Les patients sont quant à eux attirés par la perspective de ne plus avoir à financer leurs consommations et d’éviter les tensions d’approvisionnement. Une stratégie déjà utilisée dans le cadre des prescriptions de Skénan thérapeutique, ou pour les usages problématiques de benzodiazépines chez les MNA. Elle permet aux professionnels de se positionner en tant qu’alliés et facilite un suivi à long terme. Surtout, elle permet de réduire les risques, en donnant une posologie adaptée aux situations et en apprenant à utiliser les médicaments pour maximiser les effets positifs tout en réduisant les doses.
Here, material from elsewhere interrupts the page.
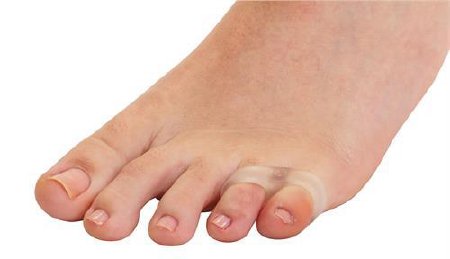 Toe Spacer Visco-GEL Little ToeBuddy One Size Fits Most Pull-On Toe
Le caractère détourné des usages doit par nature interroger le bien-fondé d’une telle prescription. Un des effets secondaires de la délivrance contrôlée serait d’entretenir une relation duelle à l’usager, celles du fournisseur et du thérapeute. L’autre effet serait d’alimenter les circuits de revente. Dans les milieux carcéraux, certains patients sollicitent nommément une prescription, en invoquant son effet indispensable pour leur bon équilibre émotionnel et comportemental. Ces demandes suggèrent l’existence d’un craving qui peut mettre le prescripteur à l’épreuve. Nombreux sont les détenus qui jugent l’usage de psychotropes nécessaire pour faire face au quotidien14. Plusieurs associations d’accompagnement des usagers se posent la question de protocoliser la prescription en Csapa. Pour la robustesse du dispositif, il serait nécessaire de mettre en place des dispositifs de prévention du mésusage, en recourant à la délivrance contrôlée au centre de soins ou en pharmacie de ville, comme c’est déjà le cas pour d’autres psychotropes utilisés en addictologie.
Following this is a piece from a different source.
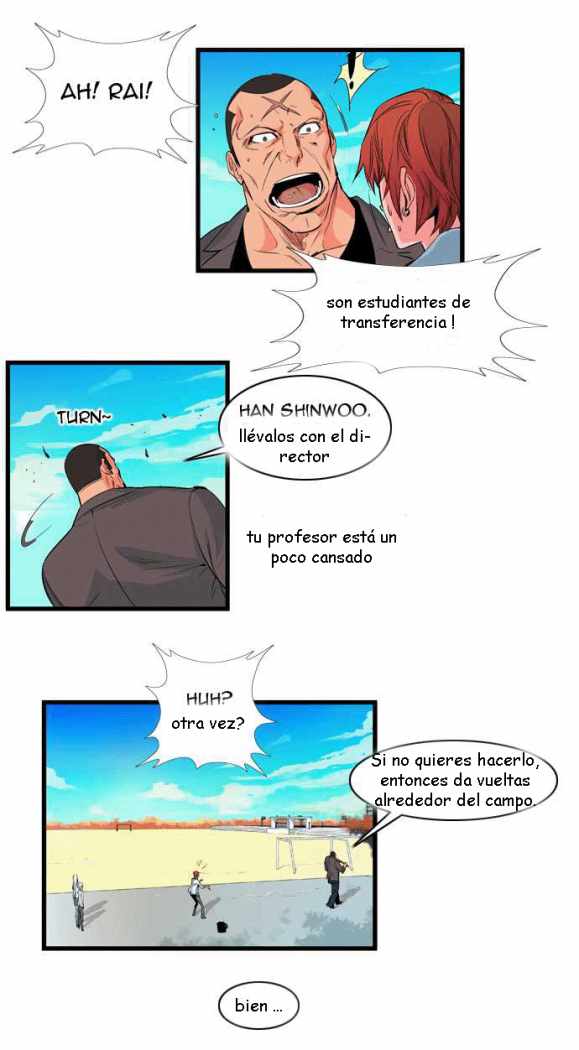 Read Noblesse ES Manga Online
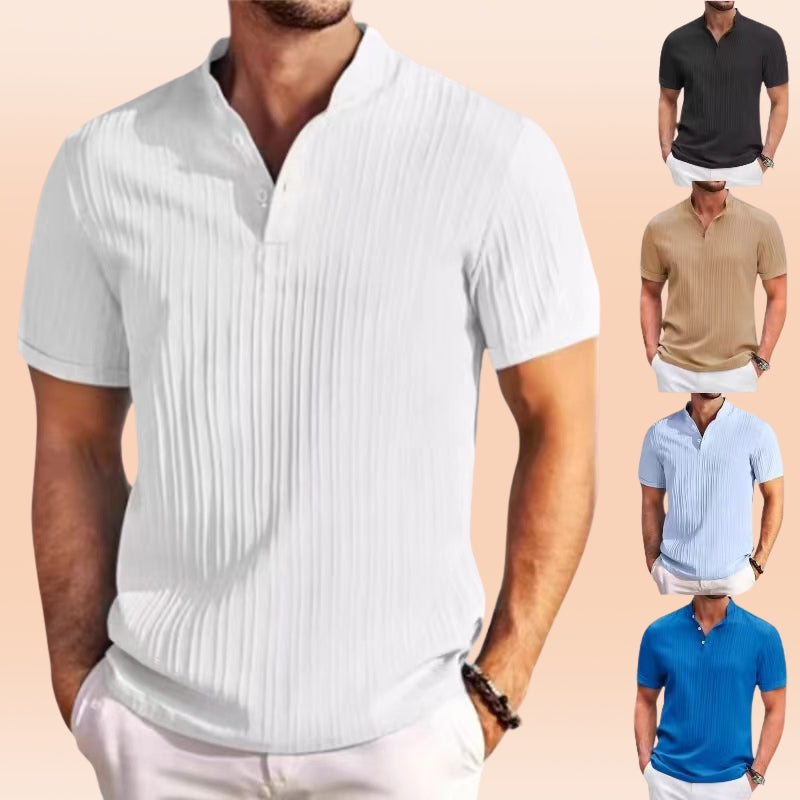 Stylish smart everyday summer shirt for men | Evan -6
Un ajustement nécessaire des dispositifs
La problématique de la prégabaline souligne l’impact de la précarité et les difficultés d’accès aux soins pour ces publics immigrés, le cumul du statut juridique et de la stigmatisation de ces patients accélérant la détérioration de leur état de santé15. Chez le public des MNA, des dispositifs «d’aller vers» des soins adaptés à leurs besoins ainsi qu’un traitement approprié des conditions psychiatriques auraient pu prévenir le mésusage (voir Swaps no 98-99).
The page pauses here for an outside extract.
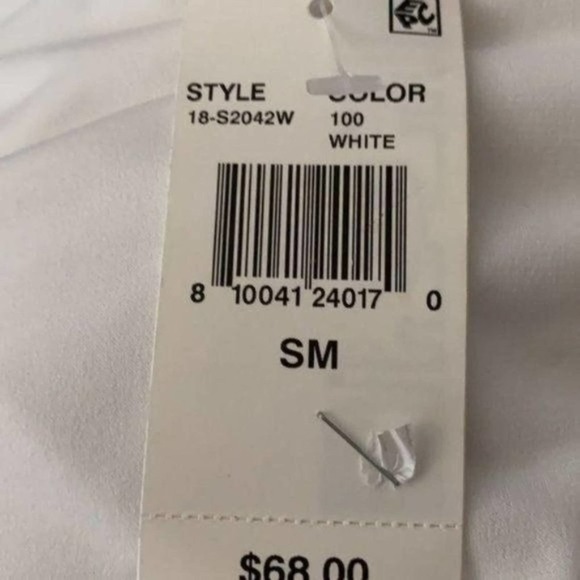 Lani The Label Twisted Cutout Top NWT size small - Picture 4 of 6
Du fait de l’absence de données épidémiologiques, les publics touchés par le mésusage de prégabaline sont sous-représentés dans les enquêtes et les programmes de prévention ne peuvent donc tenir compte de leurs spécificités. Depuis février 2023, a débuté l’étude transversale MESULYR, qui s’attache à décrire, à travers 6 Csapa parisiens, les caractéristiques du public usager de prégabaline, ses pratiques de consommation, ses comorbidités addictives et psychiques.
Conclusion
La prévalence de la prégabaline sur le marché noir depuis quelques années ainsi que son profil d’effets composites récréatifs, thérapeutiques et énergisants expliquent son succès chez les usagers dont la survie dépend de la capacité à résister aux stress quotidiens. Le fait que ce phénomène se développe dans une population immigrée peut s’expliquer par la vulnérabilité des migrants, réfugiés et des demandeurs d’asile à développer des troubles mentaux et addictions. La prise en charge de ces usagers nécessite des programmes d’aller vers dans les structures médicosociales et judiciaires, médicolégales, et la mise en place d’outils adaptés.